● REQUIRED ACTION
Everything in the listing should be transcribed exactly, apart from the pictures.

= Beginning of Section =

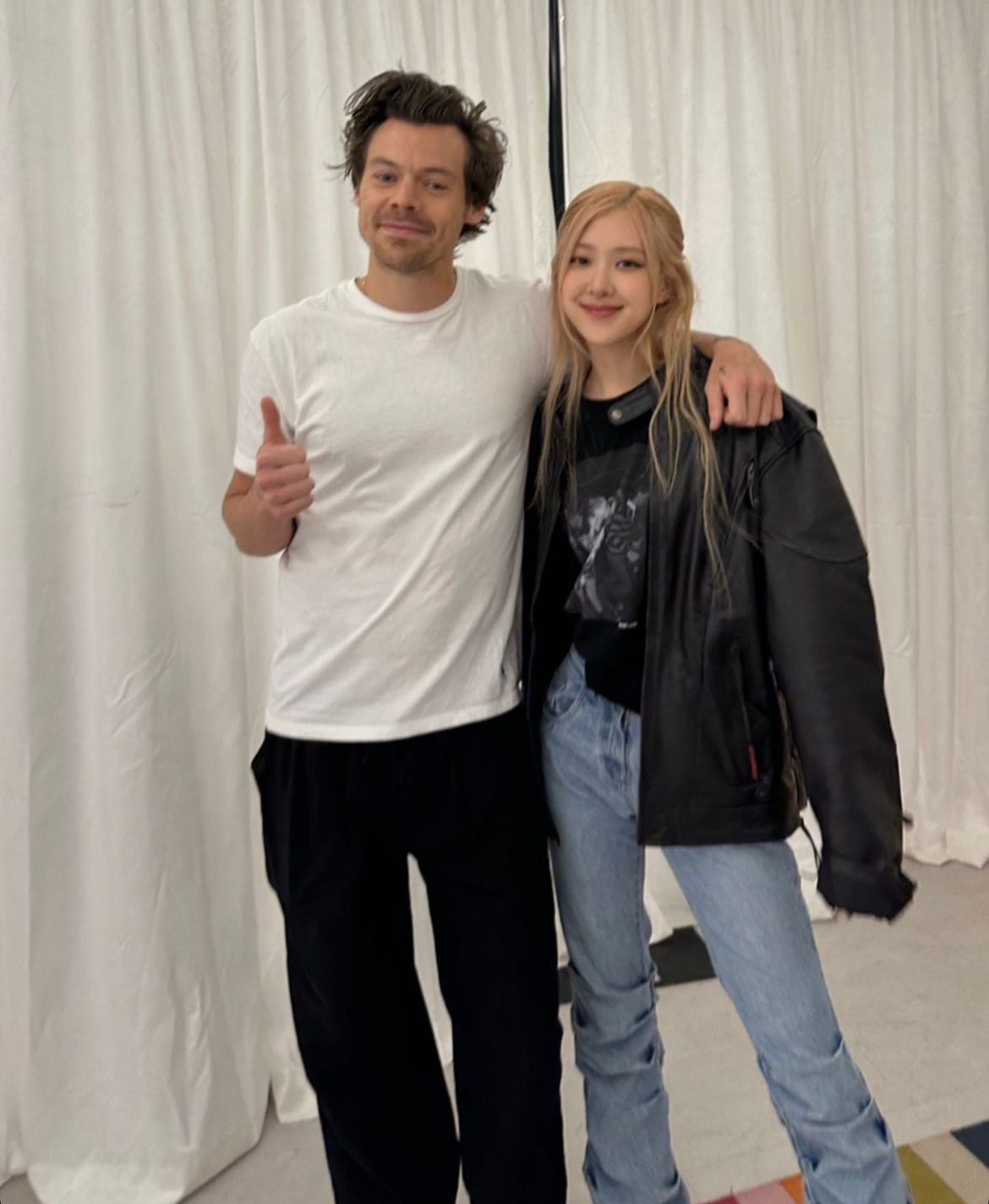 Rose Blackpink membagikan foto berdua dengan Harry Style dari belakang panggung usai konser Syles di Seoul, Korea Selatan, Senin (20/3)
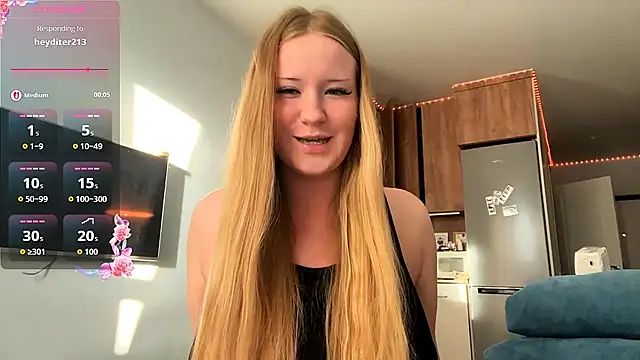 Lisi Kiss  online show from June 2026 05:37:01 PM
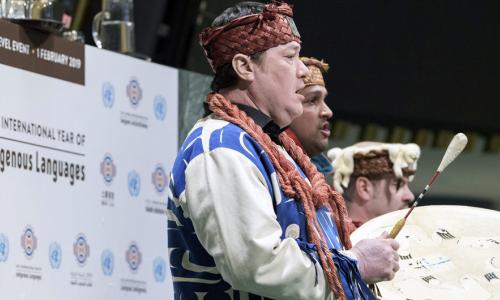 Maonyesho ya kitamaduni na wachezaji wa dansi wa Kwakwaka katika tukio la ngazi ya juu cha kuzindua mwaka wa lugha za asili mwaka 2019.  Picha: UN Photo/Manuel Elias
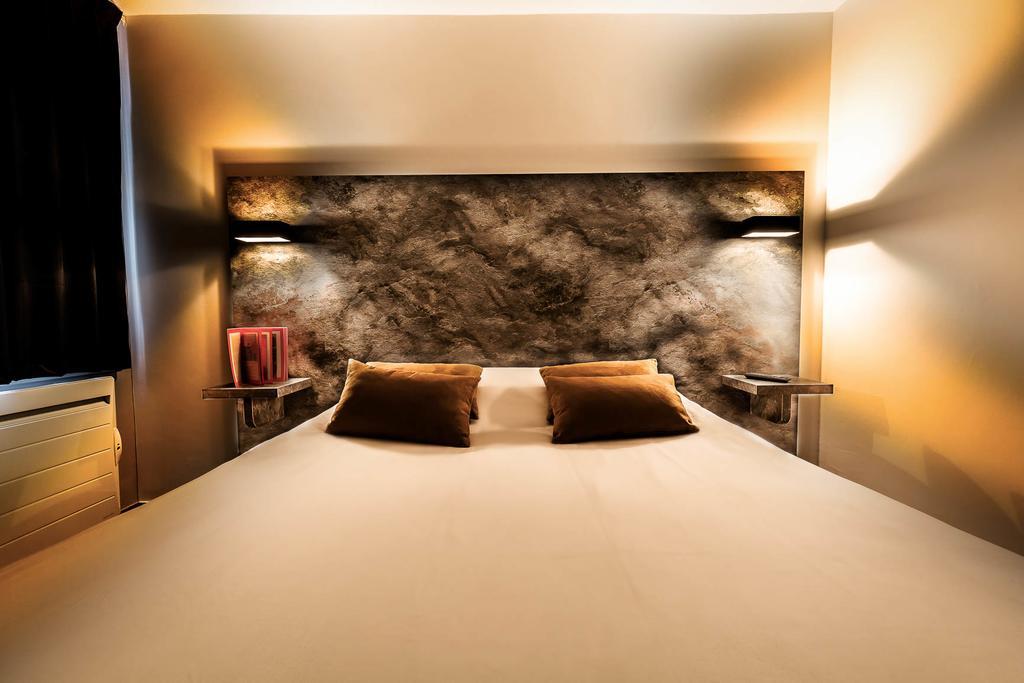 Logis Hotel Lons-Le-Saunier - Restaurant Le Grill المظهر الخارجي الصورة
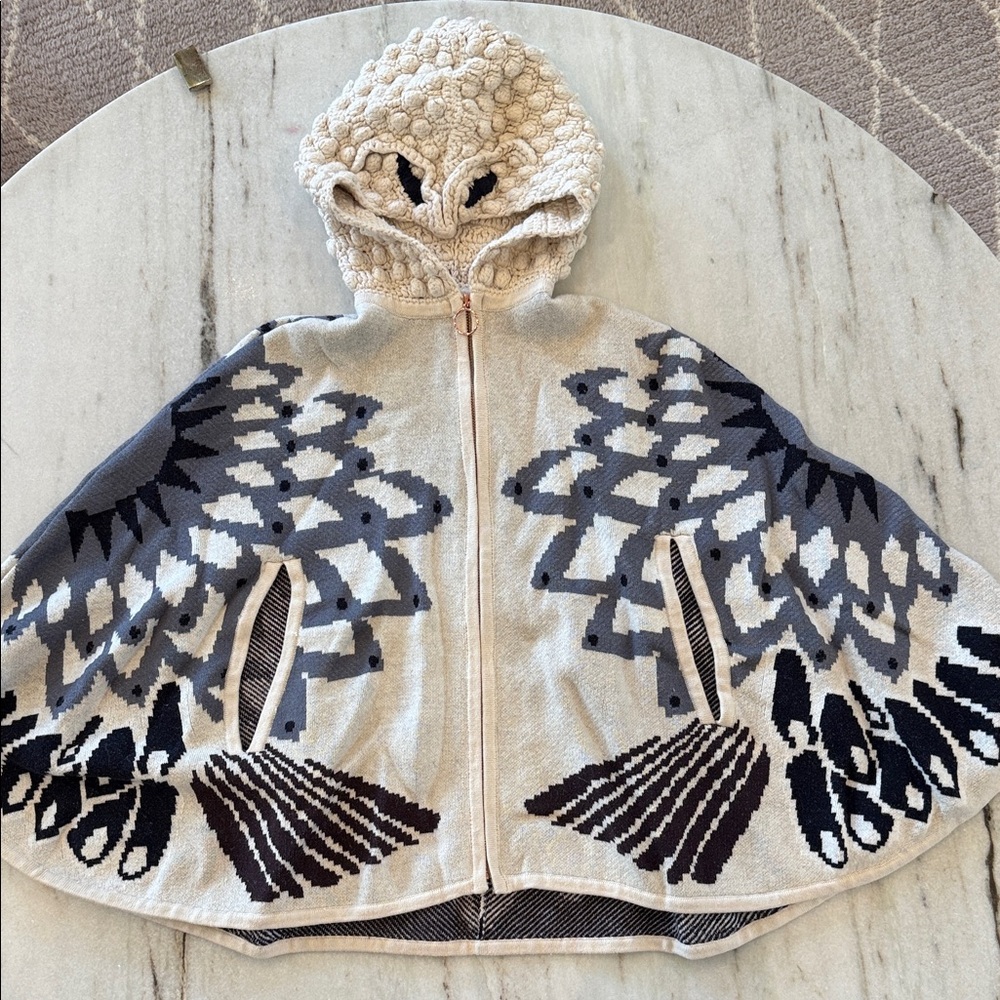 Rare H&M Hooded Knit Owl Poncho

= End of Section =

● RESPONSE TO THE EXERCISE
 Rose Blackpink membagikan foto berdua dengan Harry Style dari belakang panggung usai konser Syles di Seoul, Korea Selatan, Senin (20/3)
 Lisi Kiss  online show from June 2026 05:37:01 PM
 Maonyesho ya kitamaduni na wachezaji wa dansi wa Kwakwaka katika tukio la ngazi ya juu cha kuzindua mwaka wa lugha za asili mwaka 2019.  Picha: UN Photo/Manuel Elias
 Logis Hotel Lons-Le-Saunier - Restaurant Le Grill المظهر الخارجي الصورة
 Rare H&M Hooded Knit Owl Poncho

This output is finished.